** Opening Data provided block **

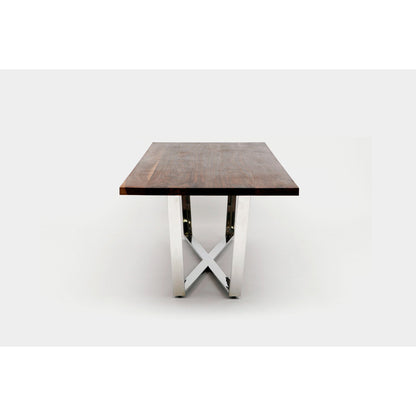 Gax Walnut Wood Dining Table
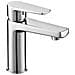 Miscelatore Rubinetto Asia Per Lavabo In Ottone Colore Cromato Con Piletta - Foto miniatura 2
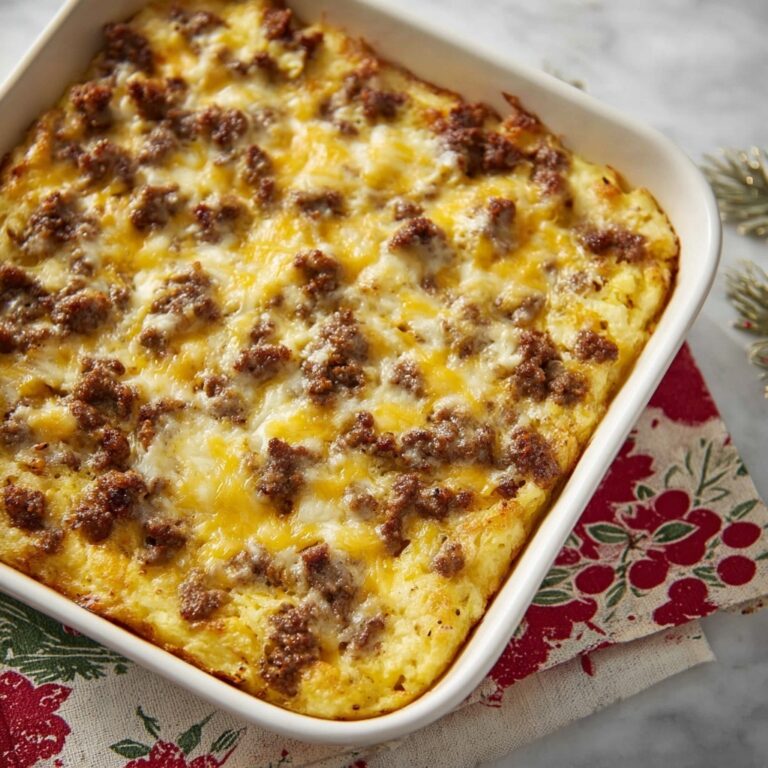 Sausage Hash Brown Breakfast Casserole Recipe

** Closing Data provided block **
** Opening Data provided block **

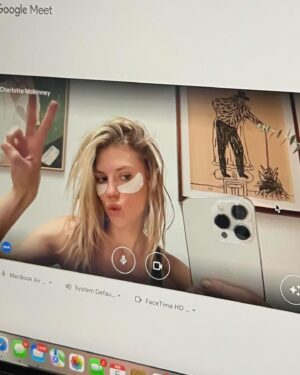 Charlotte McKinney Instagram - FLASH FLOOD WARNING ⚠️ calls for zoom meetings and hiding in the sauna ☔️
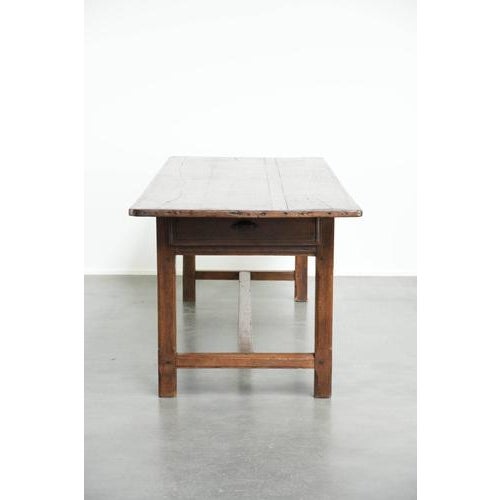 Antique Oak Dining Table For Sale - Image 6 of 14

** Closing Data provided block **

_Task requirements:_ Only the lines between the one with "Gax Walnut Wood Dining Table" and the one with "Sausage Hash Brown", those two included, get copied from the material above. Keep it exact and free of pictures.

_Written solution:_
 Gax Walnut Wood Dining Table
 Miscelatore Rubinetto Asia Per Lavabo In Ottone Colore Cromato Con Piletta - Foto miniatura 2
 Sausage Hash Brown Breakfast Casserole Recipe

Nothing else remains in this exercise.